I thought w(f) where w=dual vector f=vector is Reals?

[precondition]

But lecturer said today that it's a function.
So for example he said, if we have w x f where x is supposed to be tensor product, then w(f) x f can be written w(f)f without tensor product sign because w(f) is just a function...

 

[HallsofIvy]

I'm not sure what you mean by "Reals". w(f) where w= dual vector f= vector is not "Reals", it is a single real number.

The definition of the "dual space" of a vector space, V, over a given field is "the vector space of all linear functions from V to the field with vector addition given by (w+q)(v)= w(v)+ q(v) (w and q functions and the sum on the right hand side is in V) and scalar multiplication given by (aw)(v)= a(w(v)) (again, the multiplication on ther right hand side is in V).

I doubt your instrutor meant that w(f) is a function. w itself is a function, w(f) is the real number value when w is applied to f. That's why we can talk about w(f)f- it's scalar multiplication.

Of course, that's a common "abuse of notation" just as when we refer to "f(x)" as a function. Actually, f is the function, f(x) is some value of the function.

 

[tacman]

It seems that there may be some confusion about the notation and terminology being used. In mathematics, the term "dual vector" typically refers to a vector in the dual space, which is the set of all linear functionals on a vector space. In this context, w(f) would indeed be a real number, as it is the value of the linear functional w at the vector f.

However, it seems that the lecturer in this case is using a different definition of "dual vector," where it is being used to refer to a function that maps vectors to real numbers. In this case, w(f) would indeed be a function, as it is taking a vector f as input and returning a real number as output.

As for the notation involving tensor products, it is important to clarify whether the lecturer is using the notation w x f to represent a tensor product or a cross product.
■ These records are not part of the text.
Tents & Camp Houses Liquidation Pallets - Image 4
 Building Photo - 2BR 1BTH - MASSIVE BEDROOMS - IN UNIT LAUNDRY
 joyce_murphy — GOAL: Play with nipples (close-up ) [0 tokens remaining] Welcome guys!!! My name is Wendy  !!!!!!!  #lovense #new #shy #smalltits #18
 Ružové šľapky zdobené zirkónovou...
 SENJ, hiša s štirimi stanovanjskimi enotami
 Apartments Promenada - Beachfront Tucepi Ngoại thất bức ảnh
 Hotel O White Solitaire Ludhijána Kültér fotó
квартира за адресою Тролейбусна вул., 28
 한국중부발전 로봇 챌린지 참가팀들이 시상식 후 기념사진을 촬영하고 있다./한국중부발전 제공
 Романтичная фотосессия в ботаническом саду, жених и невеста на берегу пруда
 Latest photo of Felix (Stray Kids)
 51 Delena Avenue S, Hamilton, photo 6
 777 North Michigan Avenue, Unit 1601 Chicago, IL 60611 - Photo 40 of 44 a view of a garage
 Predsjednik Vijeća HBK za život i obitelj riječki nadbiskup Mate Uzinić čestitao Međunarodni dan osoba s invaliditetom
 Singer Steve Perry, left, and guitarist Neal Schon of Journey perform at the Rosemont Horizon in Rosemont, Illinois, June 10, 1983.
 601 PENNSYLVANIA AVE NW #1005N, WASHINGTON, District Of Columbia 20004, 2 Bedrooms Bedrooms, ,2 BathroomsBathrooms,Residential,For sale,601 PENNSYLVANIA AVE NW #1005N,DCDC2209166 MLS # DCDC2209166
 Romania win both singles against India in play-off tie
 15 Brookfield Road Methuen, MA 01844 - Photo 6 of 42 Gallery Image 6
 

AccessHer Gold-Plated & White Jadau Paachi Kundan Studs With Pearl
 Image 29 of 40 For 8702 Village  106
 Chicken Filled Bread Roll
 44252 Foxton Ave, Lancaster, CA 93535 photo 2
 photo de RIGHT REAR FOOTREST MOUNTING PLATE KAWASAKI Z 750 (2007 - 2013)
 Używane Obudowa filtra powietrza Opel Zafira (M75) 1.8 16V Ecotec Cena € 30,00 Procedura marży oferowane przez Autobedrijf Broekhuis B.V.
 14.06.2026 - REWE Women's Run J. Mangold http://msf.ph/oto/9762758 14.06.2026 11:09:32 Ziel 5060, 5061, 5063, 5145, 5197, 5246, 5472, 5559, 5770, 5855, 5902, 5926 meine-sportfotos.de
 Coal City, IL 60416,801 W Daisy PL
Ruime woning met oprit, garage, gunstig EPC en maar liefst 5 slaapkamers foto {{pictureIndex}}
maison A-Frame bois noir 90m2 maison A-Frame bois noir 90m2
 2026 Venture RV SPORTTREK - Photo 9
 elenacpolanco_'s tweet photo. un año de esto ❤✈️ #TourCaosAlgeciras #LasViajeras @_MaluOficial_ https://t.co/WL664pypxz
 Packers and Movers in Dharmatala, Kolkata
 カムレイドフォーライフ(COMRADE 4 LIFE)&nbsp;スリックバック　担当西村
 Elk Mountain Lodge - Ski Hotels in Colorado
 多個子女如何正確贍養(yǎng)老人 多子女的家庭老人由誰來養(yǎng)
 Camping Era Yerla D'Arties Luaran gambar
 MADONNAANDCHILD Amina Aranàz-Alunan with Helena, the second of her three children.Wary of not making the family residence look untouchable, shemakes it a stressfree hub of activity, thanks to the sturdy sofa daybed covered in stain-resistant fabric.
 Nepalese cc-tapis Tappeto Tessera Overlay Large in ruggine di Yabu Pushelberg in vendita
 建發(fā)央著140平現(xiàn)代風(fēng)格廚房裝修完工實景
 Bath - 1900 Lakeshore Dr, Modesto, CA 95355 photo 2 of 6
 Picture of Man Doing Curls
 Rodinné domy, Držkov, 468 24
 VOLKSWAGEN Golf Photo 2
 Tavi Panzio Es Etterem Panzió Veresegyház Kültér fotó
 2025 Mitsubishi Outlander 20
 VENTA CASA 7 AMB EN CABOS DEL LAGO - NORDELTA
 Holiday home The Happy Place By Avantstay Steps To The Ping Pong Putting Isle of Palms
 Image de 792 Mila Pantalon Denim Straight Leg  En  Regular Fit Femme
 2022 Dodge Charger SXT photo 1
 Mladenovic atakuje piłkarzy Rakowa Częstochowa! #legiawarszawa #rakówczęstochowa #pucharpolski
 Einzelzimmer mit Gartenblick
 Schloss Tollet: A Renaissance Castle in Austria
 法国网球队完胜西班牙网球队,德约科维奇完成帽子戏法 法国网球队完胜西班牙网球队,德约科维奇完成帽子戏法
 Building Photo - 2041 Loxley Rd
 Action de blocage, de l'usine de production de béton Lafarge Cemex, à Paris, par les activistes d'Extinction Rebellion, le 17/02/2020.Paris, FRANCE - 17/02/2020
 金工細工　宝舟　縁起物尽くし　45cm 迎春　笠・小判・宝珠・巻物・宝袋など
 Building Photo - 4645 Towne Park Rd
If it is a tensor product, then w(f) x f would indeed be equivalent to w(f)f, as the tensor product of a number and a vector is simply the vector multiplied by that number. However, if it is a cross product, then w(f) x f would not be equivalent to w(f)f, as the cross product operation is only defined for vectors.

Overall, it is important to clarify the specific definitions and notations being used in order to fully understand the concepts being taught. It may also be helpful to ask the lecturer for clarification or further explanation if needed.